The latter is how you "feel" the recoil on your body. For example, IF I was to take one of the buttplate screws on a rifle, and back it out 1/2 way, and you used the same load in it that you had just fired, you would feel much more pain at the recoil (although the backward thrust would be equal to the previous shot) because a large portion of the recoil would be transmitted to your shoulder by the single screw, backed 1/2 way out. The surface area against your body would have been reduced from the entire surface of the large buttplate...to about 1 inch square. OUCH.

So IF you compared two rifles, and was had a thinner butt plate, or didn't fit you well, or any number of other factors, it would "kick" harder...from what you felt, even if the actual backwards energy was the same.

LD
 
Thanks guys!
Well I wouldn't say I'm young. I'm about 50, but I think I can handle the weight for a couple years anyway.LOL I think I will go with the 54 for now and sometime down the road get an extra 40 cal barrel for it. :thumbsup:
 
I wouldn't say I'm young. I'm about 50

I would say yer young. :wink:
BTW, that .40 barrel will be heavier, if yer worried about age that could be a factor.
Why not plan for a whole new custom rifle? A light fullstock in .40 cal. would be a pleasure to shoot.
 
I do have a .40 Southern Mountain Rifle. I got it because I wanted a small caliber flintlock. Nothing says you can't have more than one rifle. I kind of let the style of rifle dictate the caliber. With a GPR which is a "Hawken" or "Plains" style rifle, they tended to be larger caliber.

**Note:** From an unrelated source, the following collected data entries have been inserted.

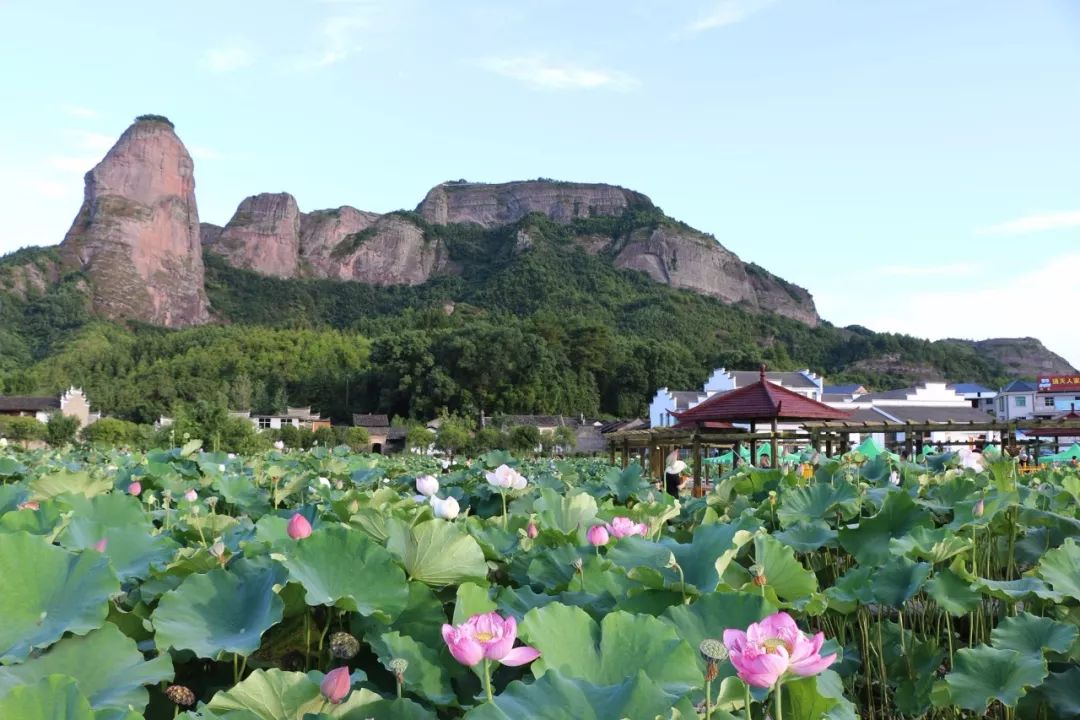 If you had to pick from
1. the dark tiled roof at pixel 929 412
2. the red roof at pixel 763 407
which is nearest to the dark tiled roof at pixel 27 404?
the dark tiled roof at pixel 929 412

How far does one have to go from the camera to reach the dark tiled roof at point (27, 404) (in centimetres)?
5103

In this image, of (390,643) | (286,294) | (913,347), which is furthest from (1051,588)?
(286,294)

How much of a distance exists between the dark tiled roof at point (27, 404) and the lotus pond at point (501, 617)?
57.3 metres

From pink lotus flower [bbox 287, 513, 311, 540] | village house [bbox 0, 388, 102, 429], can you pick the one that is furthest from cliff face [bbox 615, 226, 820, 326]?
pink lotus flower [bbox 287, 513, 311, 540]

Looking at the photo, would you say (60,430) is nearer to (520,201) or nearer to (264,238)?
(264,238)

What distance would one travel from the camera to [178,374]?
2435 inches

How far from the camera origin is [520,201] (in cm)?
13750

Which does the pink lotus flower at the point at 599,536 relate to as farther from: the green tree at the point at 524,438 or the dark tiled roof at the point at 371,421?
the dark tiled roof at the point at 371,421

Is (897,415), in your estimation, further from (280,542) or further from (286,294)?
(286,294)

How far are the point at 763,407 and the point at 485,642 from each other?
396 inches

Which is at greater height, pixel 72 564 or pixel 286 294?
pixel 286 294

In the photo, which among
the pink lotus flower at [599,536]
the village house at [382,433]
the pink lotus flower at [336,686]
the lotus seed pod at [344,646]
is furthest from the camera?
the village house at [382,433]

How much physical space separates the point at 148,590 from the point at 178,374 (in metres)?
66.1

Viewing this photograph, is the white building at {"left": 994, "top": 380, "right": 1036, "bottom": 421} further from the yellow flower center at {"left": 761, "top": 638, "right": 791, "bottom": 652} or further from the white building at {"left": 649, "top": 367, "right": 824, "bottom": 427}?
the yellow flower center at {"left": 761, "top": 638, "right": 791, "bottom": 652} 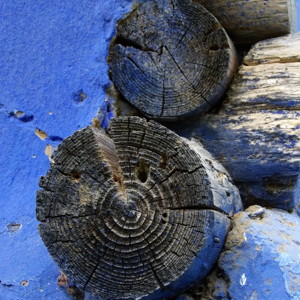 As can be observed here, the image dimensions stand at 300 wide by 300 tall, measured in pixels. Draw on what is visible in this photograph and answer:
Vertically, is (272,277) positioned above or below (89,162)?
below

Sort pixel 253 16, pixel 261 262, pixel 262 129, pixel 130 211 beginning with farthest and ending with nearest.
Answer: pixel 253 16 < pixel 262 129 < pixel 261 262 < pixel 130 211

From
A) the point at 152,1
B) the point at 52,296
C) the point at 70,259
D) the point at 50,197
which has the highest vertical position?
the point at 152,1

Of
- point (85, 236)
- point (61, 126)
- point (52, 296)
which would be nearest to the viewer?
point (85, 236)

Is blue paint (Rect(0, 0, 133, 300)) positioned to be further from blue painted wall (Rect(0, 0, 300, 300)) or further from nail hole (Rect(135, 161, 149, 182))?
nail hole (Rect(135, 161, 149, 182))

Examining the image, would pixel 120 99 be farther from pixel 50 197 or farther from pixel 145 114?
pixel 50 197

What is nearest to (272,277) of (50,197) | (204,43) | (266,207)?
(266,207)

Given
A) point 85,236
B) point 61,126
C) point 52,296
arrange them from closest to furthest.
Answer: point 85,236 < point 52,296 < point 61,126

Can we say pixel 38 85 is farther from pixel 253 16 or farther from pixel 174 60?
pixel 253 16

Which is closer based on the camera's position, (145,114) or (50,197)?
(50,197)

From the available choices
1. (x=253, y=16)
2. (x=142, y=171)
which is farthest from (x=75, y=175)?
(x=253, y=16) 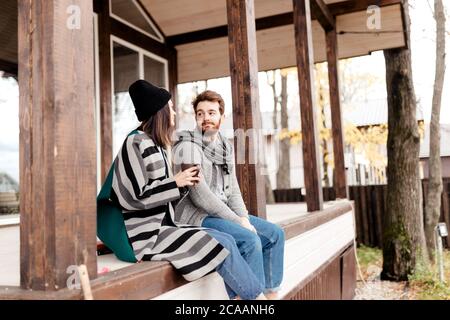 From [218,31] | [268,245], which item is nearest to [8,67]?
[218,31]

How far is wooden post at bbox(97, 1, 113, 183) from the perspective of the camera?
217 inches

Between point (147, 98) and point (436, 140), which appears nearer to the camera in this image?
point (147, 98)

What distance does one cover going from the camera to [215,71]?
7883 millimetres

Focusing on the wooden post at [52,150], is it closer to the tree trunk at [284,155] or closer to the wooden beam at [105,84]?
the wooden beam at [105,84]

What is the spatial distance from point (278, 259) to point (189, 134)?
0.95 metres

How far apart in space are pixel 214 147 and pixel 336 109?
4226 millimetres

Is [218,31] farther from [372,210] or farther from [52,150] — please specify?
[372,210]

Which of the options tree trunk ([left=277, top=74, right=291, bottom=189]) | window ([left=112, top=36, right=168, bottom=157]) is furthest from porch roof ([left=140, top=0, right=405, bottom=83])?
tree trunk ([left=277, top=74, right=291, bottom=189])

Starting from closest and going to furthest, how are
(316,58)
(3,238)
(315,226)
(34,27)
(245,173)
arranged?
(34,27) < (245,173) < (3,238) < (315,226) < (316,58)

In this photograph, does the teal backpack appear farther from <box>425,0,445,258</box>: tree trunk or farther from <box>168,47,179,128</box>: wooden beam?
<box>425,0,445,258</box>: tree trunk

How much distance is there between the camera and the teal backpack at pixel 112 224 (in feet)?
6.71

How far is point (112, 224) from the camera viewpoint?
2.10 meters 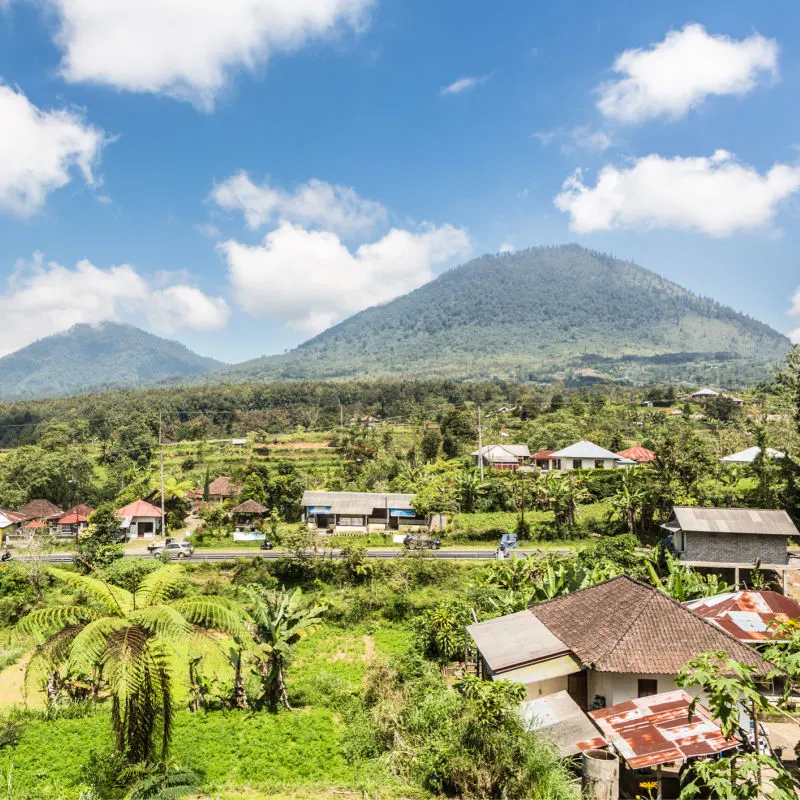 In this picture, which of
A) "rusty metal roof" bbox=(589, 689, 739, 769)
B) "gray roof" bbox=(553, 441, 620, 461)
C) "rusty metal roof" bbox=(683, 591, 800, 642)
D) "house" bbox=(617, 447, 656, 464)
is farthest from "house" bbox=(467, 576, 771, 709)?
"house" bbox=(617, 447, 656, 464)

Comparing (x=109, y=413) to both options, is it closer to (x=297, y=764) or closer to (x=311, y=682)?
(x=311, y=682)

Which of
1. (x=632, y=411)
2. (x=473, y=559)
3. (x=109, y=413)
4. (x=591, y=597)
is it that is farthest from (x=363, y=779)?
(x=109, y=413)

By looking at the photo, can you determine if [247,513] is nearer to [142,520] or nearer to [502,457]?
[142,520]

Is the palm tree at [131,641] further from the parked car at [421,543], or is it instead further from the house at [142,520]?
the house at [142,520]

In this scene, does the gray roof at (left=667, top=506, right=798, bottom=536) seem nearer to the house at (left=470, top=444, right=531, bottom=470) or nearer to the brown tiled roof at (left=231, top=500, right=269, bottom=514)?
the house at (left=470, top=444, right=531, bottom=470)

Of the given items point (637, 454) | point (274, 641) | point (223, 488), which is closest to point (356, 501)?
point (223, 488)

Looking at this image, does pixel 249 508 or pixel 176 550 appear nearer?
pixel 176 550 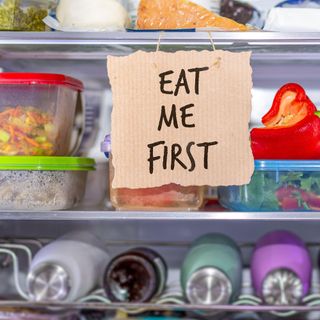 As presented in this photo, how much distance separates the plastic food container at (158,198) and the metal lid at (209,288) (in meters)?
0.14

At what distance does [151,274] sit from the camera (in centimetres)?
122

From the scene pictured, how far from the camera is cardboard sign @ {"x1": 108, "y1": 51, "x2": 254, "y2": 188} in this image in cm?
107

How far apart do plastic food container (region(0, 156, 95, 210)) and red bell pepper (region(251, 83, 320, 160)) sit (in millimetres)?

I don't know where the .40cal actually came in to play in this thread since the original discussion was choosing between a .50 and .54.

I don't think you can go wrong with a .54, the difference in lead and powder isn't that much. Just my opinion.
 
If i was gonna try to just have one I'd get the .54 for sure. Odd too cuz I only have 3 .54 and like 7-8 .50? Some of the .50 are keepers though (dads, first gun I killed with, gift etc.).
 
Not much, and all the way to 62 calibre I don't find BP with a round ball to kick very hard. Mostly it is a shove rather than the snap/sharp kick of many large calibre CFs. If you can try one at your local club first I think you will find what all of us are saying is true but if not 54s are pretty easy to resell if we all turn out to be wrong.

I know it isn't an option in the GPR but a 54 with a swamped barrel, properly built can get down to 7-8 lbs and that makes both a nice carrying and nice shooting gun.
 
Of all my guns (cal. .40-.75) my .50 percussion GPR kicks the worst. Not sure if it's because of the way I hold it or what. All i know is that my shoulder is black and blue for a week after a shooting session. Don't get me wrong, it is great fun to shoot and accurate as heck but man can that thing kick. From that standpoint I much prefer a wide flat butt. Just my 2 cents on GPR recoil.....Mick C
 
I grew up shooting a 12ga. pump slug gun for deer hunting. So the recoil from my 54 cal. GPR with a 100 grain load is not bad at all. But I would suggest wearing something heavier than a tee shirt, because that steel, crescent butt plate can bite into your shoulder.